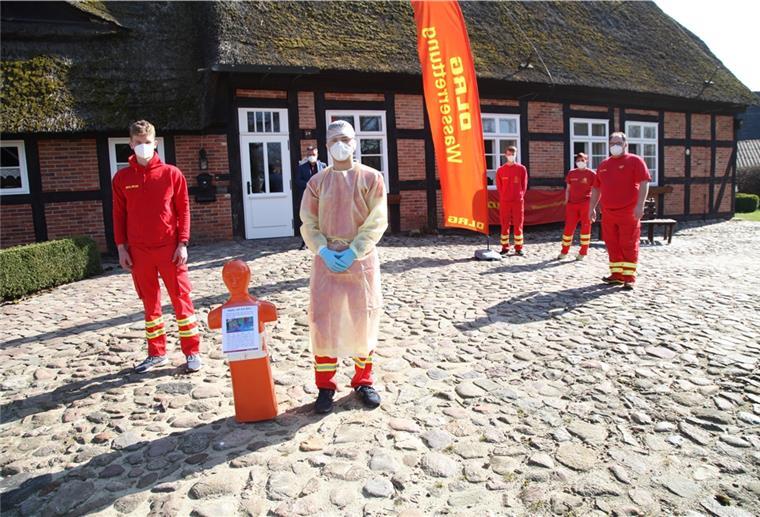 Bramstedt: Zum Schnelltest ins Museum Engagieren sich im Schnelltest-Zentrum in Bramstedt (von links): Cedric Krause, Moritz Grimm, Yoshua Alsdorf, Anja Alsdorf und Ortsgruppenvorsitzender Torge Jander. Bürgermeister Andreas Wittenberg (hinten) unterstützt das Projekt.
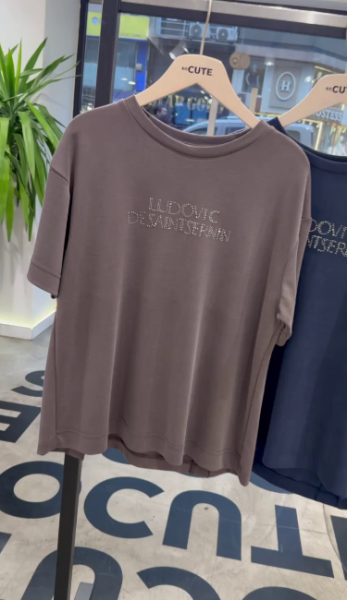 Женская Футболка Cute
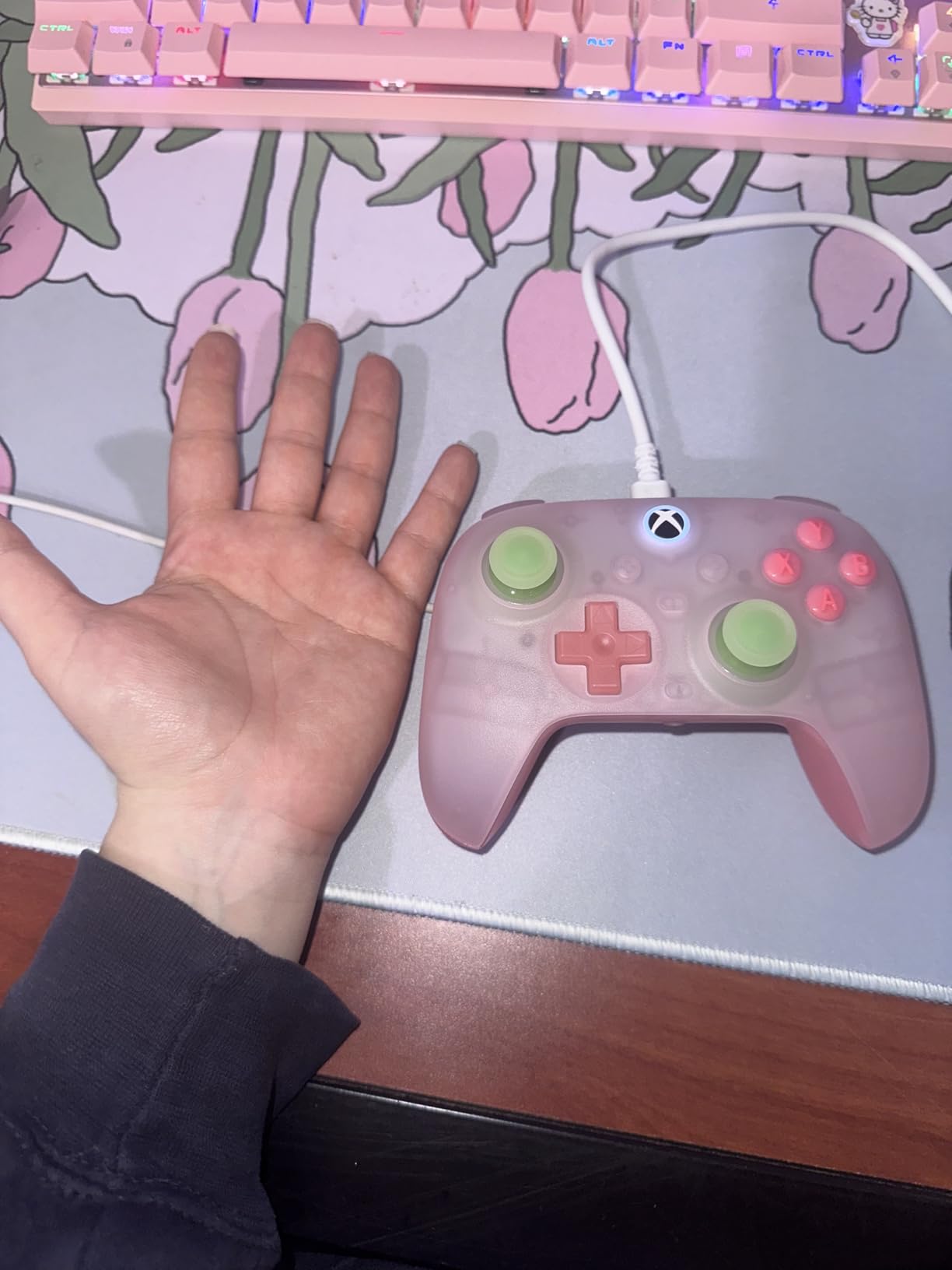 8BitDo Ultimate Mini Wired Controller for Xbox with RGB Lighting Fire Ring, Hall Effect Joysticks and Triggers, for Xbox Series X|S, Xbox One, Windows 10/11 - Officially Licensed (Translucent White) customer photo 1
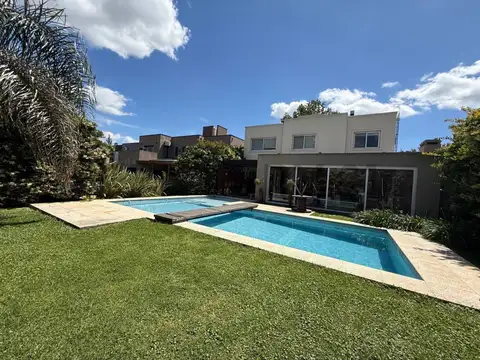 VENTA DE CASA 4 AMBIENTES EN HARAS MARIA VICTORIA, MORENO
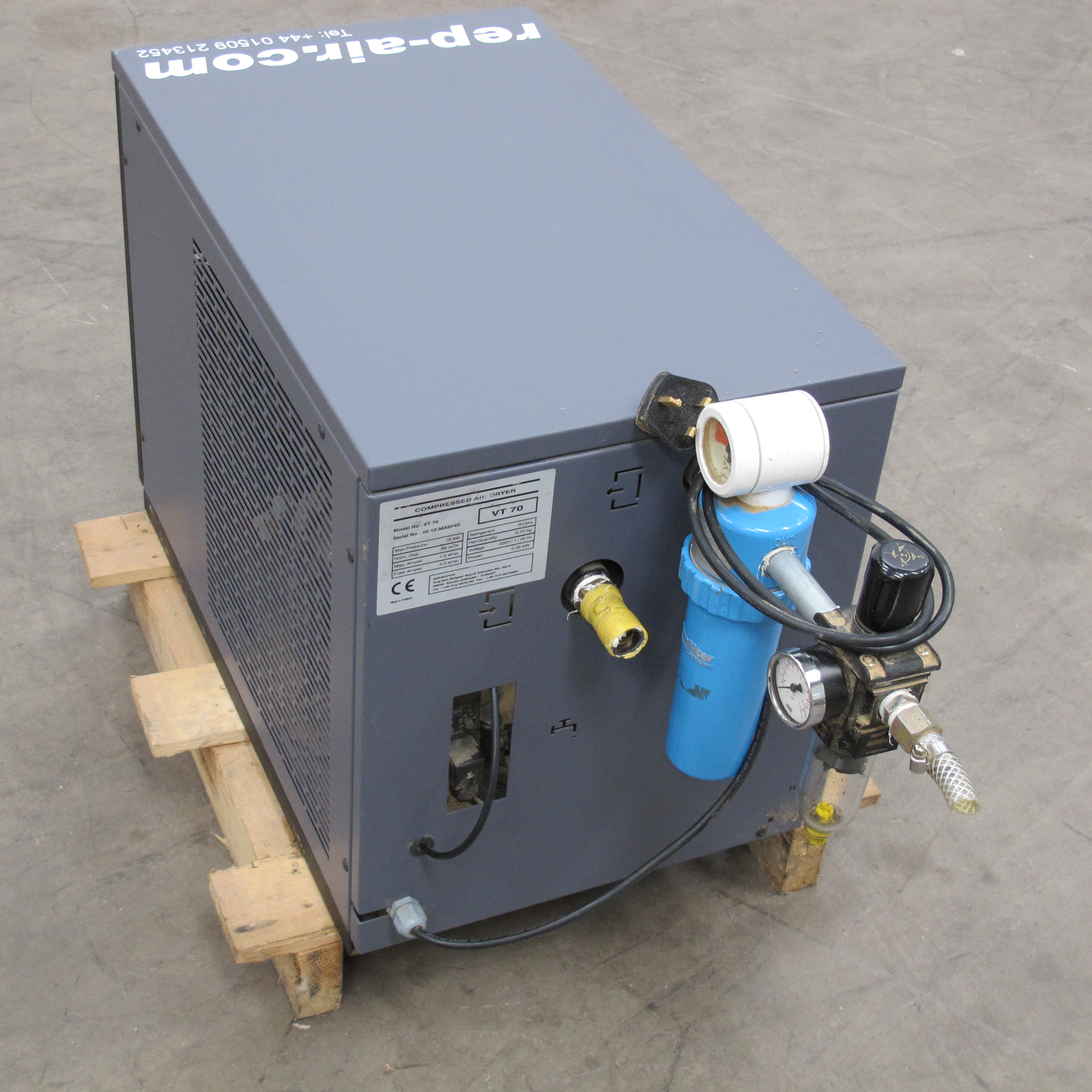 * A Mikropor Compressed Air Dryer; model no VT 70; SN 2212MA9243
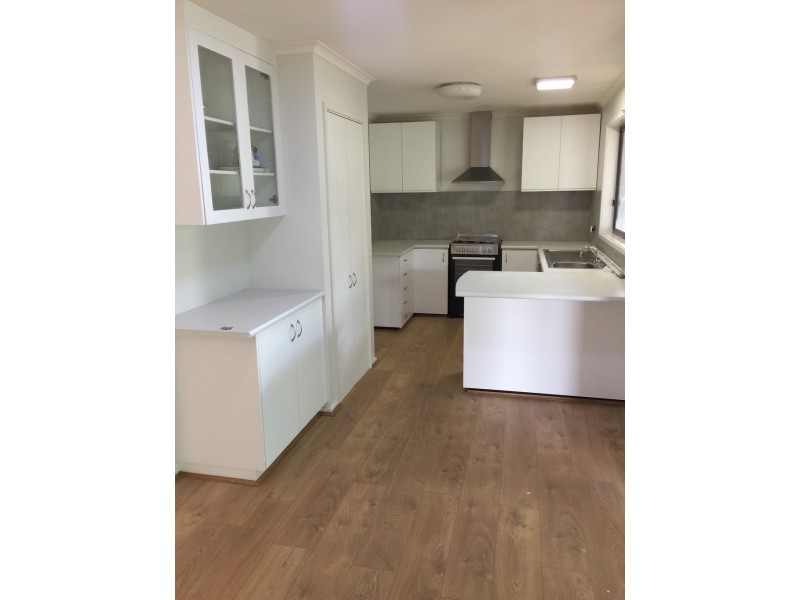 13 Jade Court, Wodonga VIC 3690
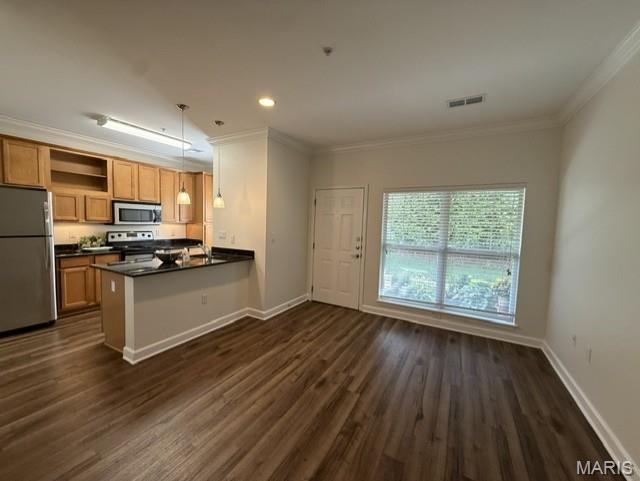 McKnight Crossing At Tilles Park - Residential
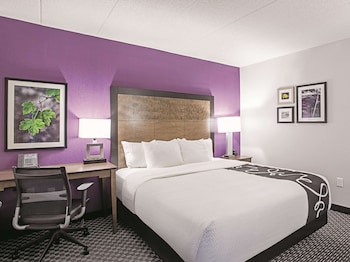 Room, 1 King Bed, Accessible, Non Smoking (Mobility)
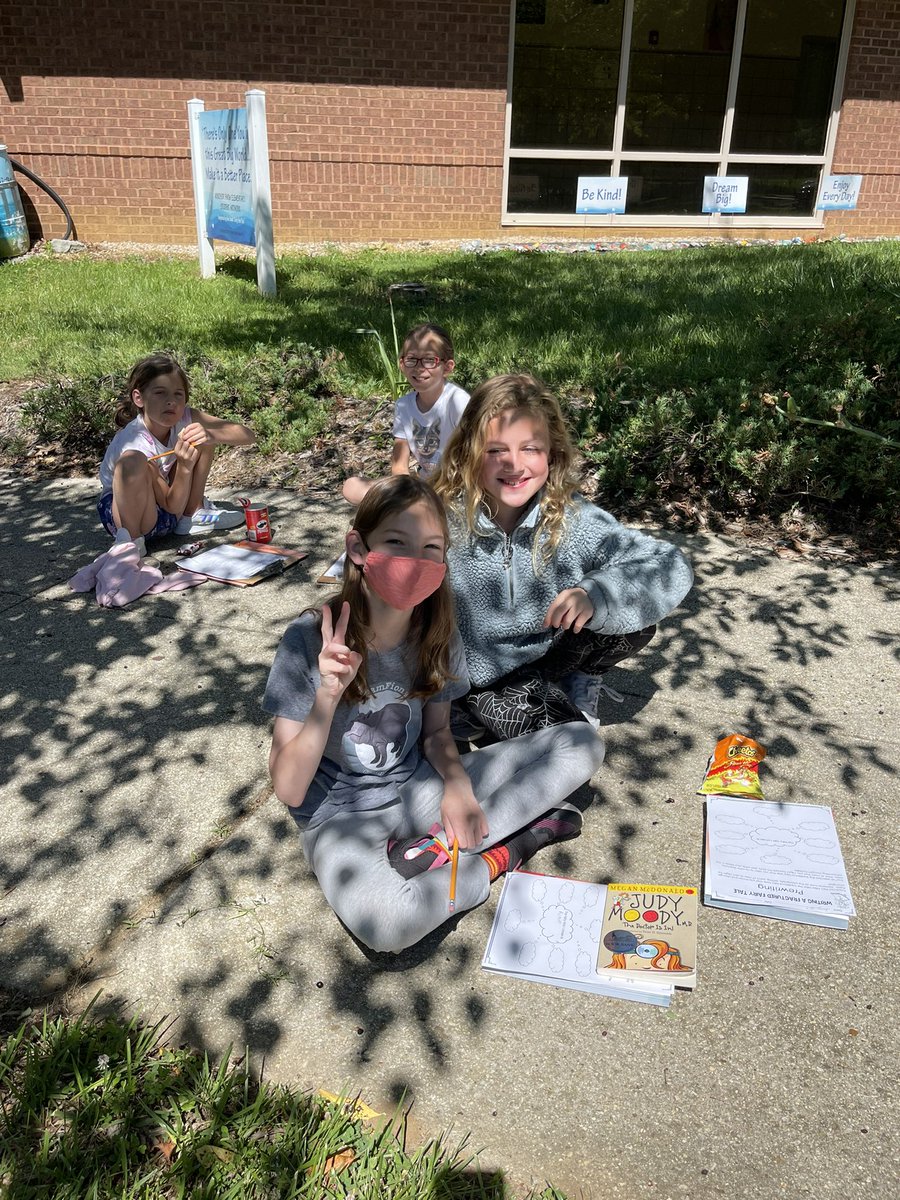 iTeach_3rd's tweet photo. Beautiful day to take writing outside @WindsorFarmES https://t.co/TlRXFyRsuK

======

ASSIGNMENT
Every line of the listing above is to be retyped exactly, but the pictures are to be dropped.

ANSWER TO THIS EXERCISE
 Bramstedt: Zum Schnelltest ins Museum Engagieren sich im Schnelltest-Zentrum in Bramstedt (von links): Cedric Krause, Moritz Grimm, Yoshua Alsdorf, Anja Alsdorf und Ortsgruppenvorsitzender Torge Jander. Bürgermeister Andreas Wittenberg (hinten) unterstützt das Projekt.
 Женская Футболка Cute
 8BitDo Ultimate Mini Wired Controller for Xbox with RGB Lighting Fire Ring, Hall Effect Joysticks and Triggers, for Xbox Series X|S, Xbox One, Windows 10/11 - Officially Licensed (Translucent White) customer photo 1
 VENTA DE CASA 4 AMBIENTES EN HARAS MARIA VICTORIA, MORENO
 * A Mikropor Compressed Air Dryer; model no VT 70; SN 2212MA9243
 13 Jade Court, Wodonga VIC 3690
 McKnight Crossing At Tilles Park - Residential
 Room, 1 King Bed, Accessible, Non Smoking (Mobility)
 iTeach_3rd's tweet photo. Beautiful day to take writing outside @WindsorFarmES https://t.co/TlRXFyRsuK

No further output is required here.